The Dotcom bust in year 2000 and the global subprime crisis of 2008 pulled away a lot of people from the equity market.
Around the same time in 2009 NPS was introduced after being tried out for Govt employees in 2004.
It was supposed to be a path breaking plan backed by government of India and controlled by PFRDA.
NPS was supposed to be sold on the back of infinitesimally low expense charges , in fact fraction of what Mutual Funds were charging but having the same 8 fund houses as the fund managers.
The mechanics of NPS is a little complicated. You have 3 streams or asset classes to allocate your money to viz Equity, Government bonds and Corporate bonds. As a conservative gesture the government did not initially allow more than 50% allocation to equity (now it is max 75%). After a lock in upto the age person could take out 60% of the Corpus on his 60th birthday but 40% minimum would be allocated to buy annuity from insurance company . Annuity in simple language meant that 40% of the Corpus would be given to the insurance company of your choice who will continue to give you a monthly pension at a fixed rate which was not very high until subscriber’s death. At the time of death  the pension could be continued for the nominee or the annuity sum would be returned to the nominee.
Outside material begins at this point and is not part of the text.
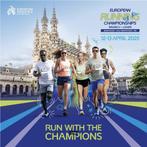 startnummer EK marathon 13 april 2025, Overige typen, Nieuw, Hardlopen, Ophalen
What was important was that NPS was opened not only to the organised sector but a it also replaced the government pension scheme and was open to anyone who wished to open NPS account.
The next 10 years brought in a lot of changes and another asset class was added as Alternative Investments or AI. 40% of the Corpus which a person withdrew was made tax free and the lock in period or the period till which a person could defer its annuity was extended upto 70 years of age.
As things stand today there are 8-9 fund managers and NPS operates in Tier 1 and Tier 2 mode.
Tier 1 mode is compulsory with a minimum of 1000 rupees subscription and can be used for tax saving under 80C up to a sum of rupees 2 lacs. The lock in up to 60 years of age is in Tier 1 only.
Tier 2 also operates exactly like Tier 1 except that there is no lock-in and you can distribute your money into various asset classes.It is important to note that as soon as the funds appear in Tier 2 you can withdraw them anytime at a short notice.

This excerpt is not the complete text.